§ **Records provided**:
↓↓↓
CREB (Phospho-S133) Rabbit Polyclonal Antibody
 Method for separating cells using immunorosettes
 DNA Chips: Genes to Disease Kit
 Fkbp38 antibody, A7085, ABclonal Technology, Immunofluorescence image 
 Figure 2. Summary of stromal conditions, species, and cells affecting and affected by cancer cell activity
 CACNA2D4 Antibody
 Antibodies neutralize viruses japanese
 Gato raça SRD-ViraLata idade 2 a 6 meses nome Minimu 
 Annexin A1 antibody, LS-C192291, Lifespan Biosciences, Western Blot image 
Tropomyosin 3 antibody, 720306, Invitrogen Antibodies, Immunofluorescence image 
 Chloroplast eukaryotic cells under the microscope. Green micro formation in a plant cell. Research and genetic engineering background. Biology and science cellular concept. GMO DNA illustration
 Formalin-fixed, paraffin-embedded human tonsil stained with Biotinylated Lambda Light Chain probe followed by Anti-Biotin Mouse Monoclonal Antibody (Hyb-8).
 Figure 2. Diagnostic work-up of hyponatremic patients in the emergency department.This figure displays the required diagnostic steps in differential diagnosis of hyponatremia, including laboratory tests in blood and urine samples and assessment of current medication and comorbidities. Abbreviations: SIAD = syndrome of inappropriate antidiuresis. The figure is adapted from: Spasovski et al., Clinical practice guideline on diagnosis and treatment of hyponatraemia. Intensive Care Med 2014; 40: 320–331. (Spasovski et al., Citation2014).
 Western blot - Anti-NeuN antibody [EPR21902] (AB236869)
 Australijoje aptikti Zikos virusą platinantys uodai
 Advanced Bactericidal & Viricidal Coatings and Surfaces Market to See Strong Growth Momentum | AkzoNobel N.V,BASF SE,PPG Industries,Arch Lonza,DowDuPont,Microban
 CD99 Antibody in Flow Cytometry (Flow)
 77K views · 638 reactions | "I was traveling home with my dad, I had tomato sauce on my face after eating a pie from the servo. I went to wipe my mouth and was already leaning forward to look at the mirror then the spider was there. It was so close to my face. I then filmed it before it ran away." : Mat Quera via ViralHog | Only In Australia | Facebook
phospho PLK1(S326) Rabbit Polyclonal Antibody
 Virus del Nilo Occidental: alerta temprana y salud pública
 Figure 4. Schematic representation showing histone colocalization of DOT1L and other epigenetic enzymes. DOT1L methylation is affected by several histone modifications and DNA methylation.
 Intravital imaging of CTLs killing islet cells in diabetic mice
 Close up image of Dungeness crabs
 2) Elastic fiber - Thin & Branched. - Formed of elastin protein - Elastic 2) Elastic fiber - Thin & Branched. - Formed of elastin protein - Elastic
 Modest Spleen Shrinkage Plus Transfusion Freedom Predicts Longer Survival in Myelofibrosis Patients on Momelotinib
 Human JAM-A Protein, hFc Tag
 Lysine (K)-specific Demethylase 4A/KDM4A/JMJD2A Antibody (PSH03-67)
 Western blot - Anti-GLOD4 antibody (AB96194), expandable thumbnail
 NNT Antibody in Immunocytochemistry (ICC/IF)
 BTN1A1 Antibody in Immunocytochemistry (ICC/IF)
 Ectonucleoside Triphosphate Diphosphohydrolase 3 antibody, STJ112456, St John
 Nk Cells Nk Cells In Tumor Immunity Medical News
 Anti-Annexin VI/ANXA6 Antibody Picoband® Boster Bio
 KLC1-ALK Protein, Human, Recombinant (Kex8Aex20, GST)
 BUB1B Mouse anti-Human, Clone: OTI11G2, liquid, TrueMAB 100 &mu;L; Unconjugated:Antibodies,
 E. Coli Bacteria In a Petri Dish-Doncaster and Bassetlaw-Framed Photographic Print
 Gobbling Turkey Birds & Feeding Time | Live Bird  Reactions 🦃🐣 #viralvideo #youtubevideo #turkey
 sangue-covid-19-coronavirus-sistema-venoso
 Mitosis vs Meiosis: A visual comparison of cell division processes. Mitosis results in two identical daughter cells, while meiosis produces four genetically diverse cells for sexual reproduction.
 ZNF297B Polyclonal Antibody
↑↑↑
§ **Assignment**:
Say how many lines in the data hold the string "Immunofluorescence", and write nothing else.

§ **Expected output**:
2